View Full Version : Display Lists are running slower than immediate mode



knackered
05-17-2002, 04:18 AM
Sorry about this, I feel a little embaressed at having to ask this question.
In my *very* simple test environment, I'm rendering 8000 cubes (made out of GL_QUADS).
I'm running this on a dual PIII 700mhz with a geforce2 gts with nvidia drivers about 1.5 months old.
I'm getting 36fps without using a display lists, and 24fps using a display list.
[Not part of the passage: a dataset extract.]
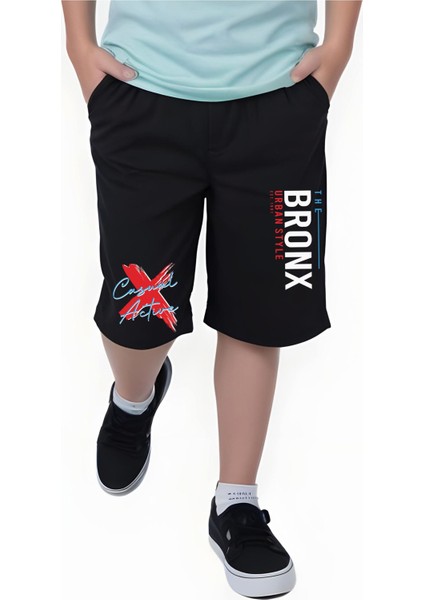 Bronx Urban Style Yazı Baskılı, Erkek Çocuk Kapri&şort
Both methods use immediate mode to send the vertices and normals.
Here's the code (the Draw_Cube() function just issues 24 glVertex+glNormal calls)
:-




//#define USEDISPLAYLIST
#ifdef USEDISPLAYLIST
static unsigned int displist=0;

if (!displist)
{


displist = glGenLists(1);

glNewList(displist, GL_COMPILE);
glBegin(GL_QUADS);
for (float x=-(w*0.5f); x<(w*0.5f); x+=wstep)
for (float y=-(h*0.5f); y<(h*0.5f); y+=hstep)
for (float z=-(d*0.5f); z<(d*0.5f); z+=dstep)
context.Draw_Cube(x, y, z, sizex);
glEnd();
glEndList();
}
else
glCallList(displist);
#else
glBegin(GL_QUADS);
for (float x=-(w*0.5f); x<(w*0.5f); x+=wstep)
for (float y=-(h*0.5f); y<(h*0.5f); y+=hstep)
for (float z=-(d*0.5f); z<(d*0.5f); z+=dstep)
context.Draw_Cube(x, y, z, sizex);
glEnd();
#endif


Can anyone suggest why the display list is slower than the straight immediate mode?
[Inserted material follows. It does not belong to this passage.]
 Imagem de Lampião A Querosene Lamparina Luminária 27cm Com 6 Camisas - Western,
[This message has been edited by knackered (edited 05-17-2002).]

Robbo
05-17-2002, 04:21 AM
No idea. But I think your code looks really neat and tidy http://www.opengl.org/discussion_boards/ubb/wink.gif

knackered
05-17-2002, 04:27 AM
Mmm, cheers Robbo - your contribution is welcome... http://www.opengl.org/discussion_boards/ubb/smile.gif
I think I'll give the new detonator drivers a go...

saian
05-17-2002, 04:37 AM
I think (just a presume you know) that's because display list stores all the data to a system procedure of a linked fonctionnalities.
So, opengl has to do more steps compared to you another way (immediate mode).
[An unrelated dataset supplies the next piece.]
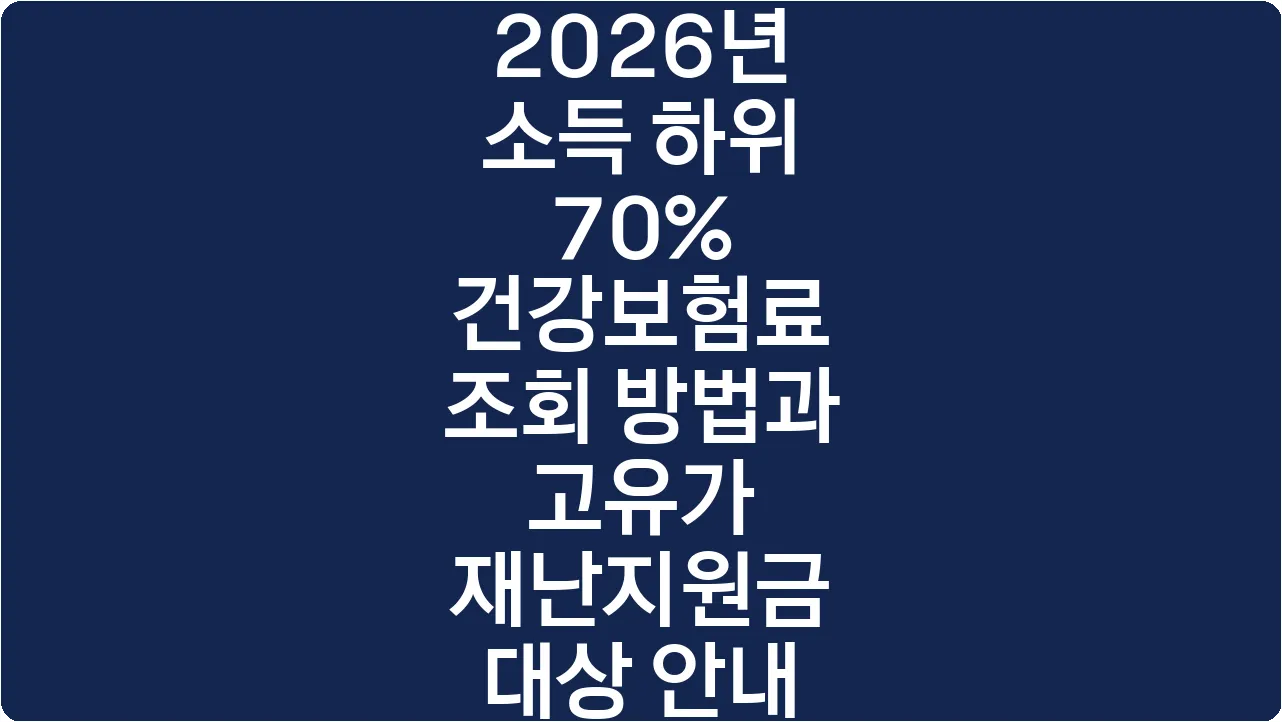 2026년 소득 하위 70% 건강보험료 조회 방법과 고유가 재난지원금 대상 안내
if you compiled your display lists (if you could : your data are just static), i think you'll have more power.

hope this help you a bit

saian
05-17-2002, 04:45 AM
euh... sorry,
i didn't see all your code.
you're not in immediate mode, just calling the display list which was compiled...
so. thousands appologies.

as i saw, you've just one dlist ? maybe to huge for a correct done.

have you tried something like that:

for (float x=-(w*0.5f); x<(w*0.5f); x+=wstep)for (float y=-(h*0.5f); y<(h*0.5f); y+=hstep)for (float z=-(d*0.5f); z<(d*0.5f); z+=dstep)
{
displist = glGenLists(1);
glNewList(displist, GL_COMPILE);
glBegin(GL_QUADS);
context.Draw_Cube(x, y, z, sizex);
glEnd();
glEndList();
}

so, you'll need to have your displist an array for all the dlists.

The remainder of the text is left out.